Preocupado, como medio mundo, por la elección de Donald Trump, el historiador Enrique Krauze estima que “las causas generales (económicas, sociales, demográficas, étnicas, etc.) que se han aducido no son, a mi juicio, las decisivas” (El País, 23/11/16).
Krauze describe las propuestas de Trump y el retroceso civilizatorio que implican, pero lo presenta como una suerte de explosión mística. “Sesenta millones de estadounidenses querían tomarse una selfie colectiva con Trump, en actos de histeria reminiscentes a los de todos, todos los dictadores de la historia que llegaron al poder por la vía de su carisma, expresado sobre todo a través de la palabra”. O sea, la pura causa serían el carisma y la palabra de un individuo. Algo así como un Dios terreno, causa de sí mismo, que ejerce un inexplicable magnetismo sobre millones. El populismo, en fin, que es “la demagogia en el poder, y la demagogia es la tumba de la democracia”.
Mario Vargas Llosa hace la misma descripción del auge de los populismos, en particular de los latinoamericanos y europeos.

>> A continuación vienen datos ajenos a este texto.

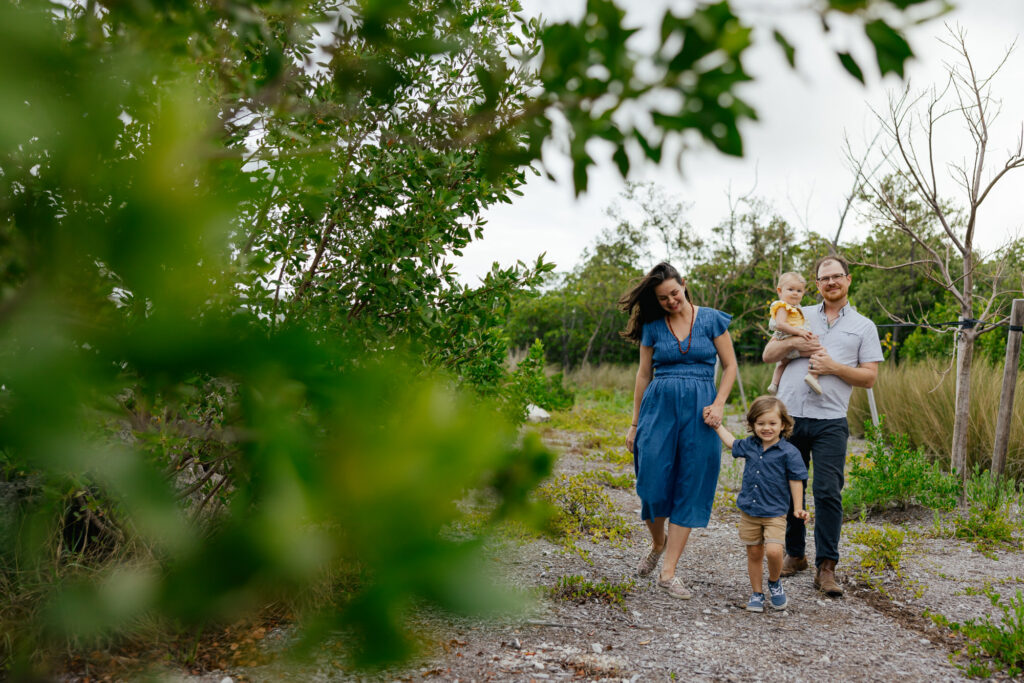 Upstate New York Family Photographer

Respecto de la victoria de Trump, se muestra explícitamente perplejo: “No es raro que se digan tonterías en una campaña electoral, pero sí que crean en ellas gentes que se suponen educadas e informadas, con una sólida tradición democrática, y que recompensen al inculto billonario que las profiere llevándolo a la presidencia del país más poderoso del planeta” (El País, 20/11/16).
Vargas Llosa no relativiza las causas económicas y sociales del fenómeno, pero las inscribe en una fase capitalista, la globalización, que el Occidente liberal y democrático, en decadencia, no atina a superar apelando a su mejor tradición. “El Brexit y Trump –y la Francia del Front National– significan que el Occidente de la Revolución Industrial, de los grandes descubrimientos científicos, de los derechos humanos, de la libertad de prensa, de la sociedad abierta, de las elecciones libres, que en el pasado fue el pionero en el mundo, ahora se va rezagando (…) por su propia complacencia y cobardía; por el temor que siente al descubrir que las prerrogativas que antes creía exclusivamente suyas, un privilegio hereditario, ahora están al alcance de cualquier país, por pequeño que sea, que sepa aprovechar las extraordinarias oportunidades que la globalización y las hazañas tecnológicas han puesto al alcance de todas las naciones”.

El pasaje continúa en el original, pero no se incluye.